Dataset excerpt:
==========
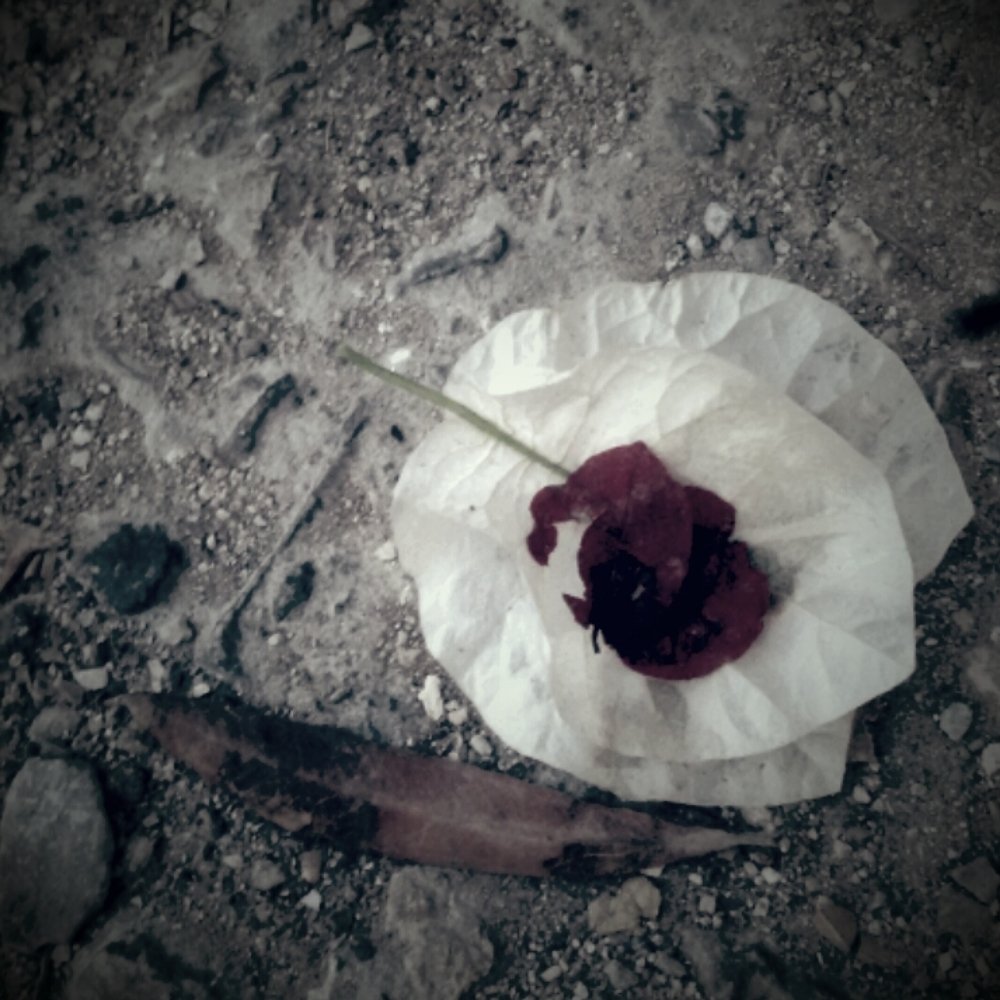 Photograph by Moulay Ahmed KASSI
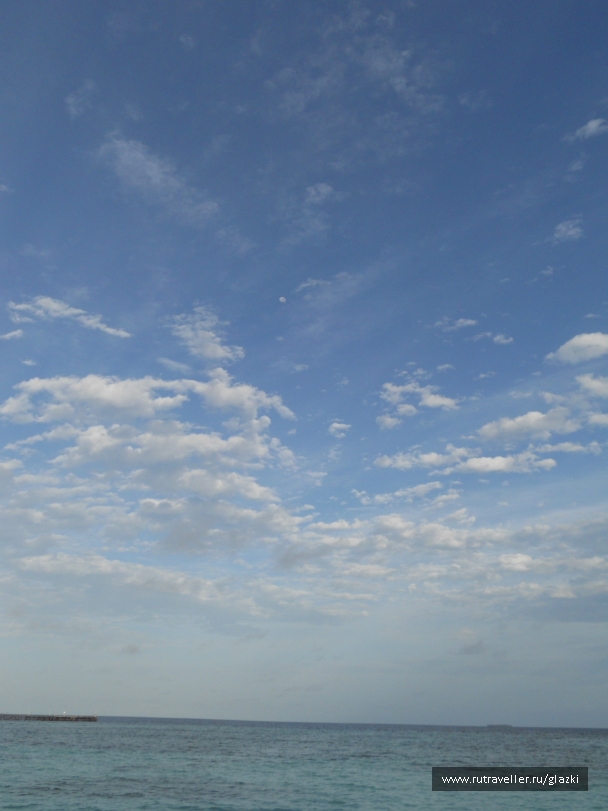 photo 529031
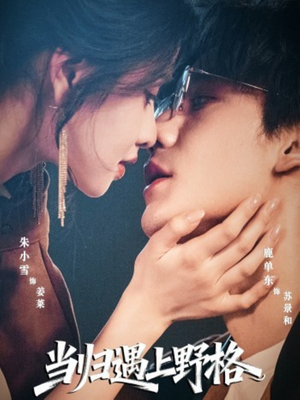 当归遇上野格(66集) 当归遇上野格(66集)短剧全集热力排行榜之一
==========
Problem: The whole listing must be restated word for word. Leave out any pictures.

Written answer:
 Photograph by Moulay Ahmed KASSI
 photo 529031
 当归遇上野格(66集) 当归遇上野格(66集)短剧全集热力排行榜之一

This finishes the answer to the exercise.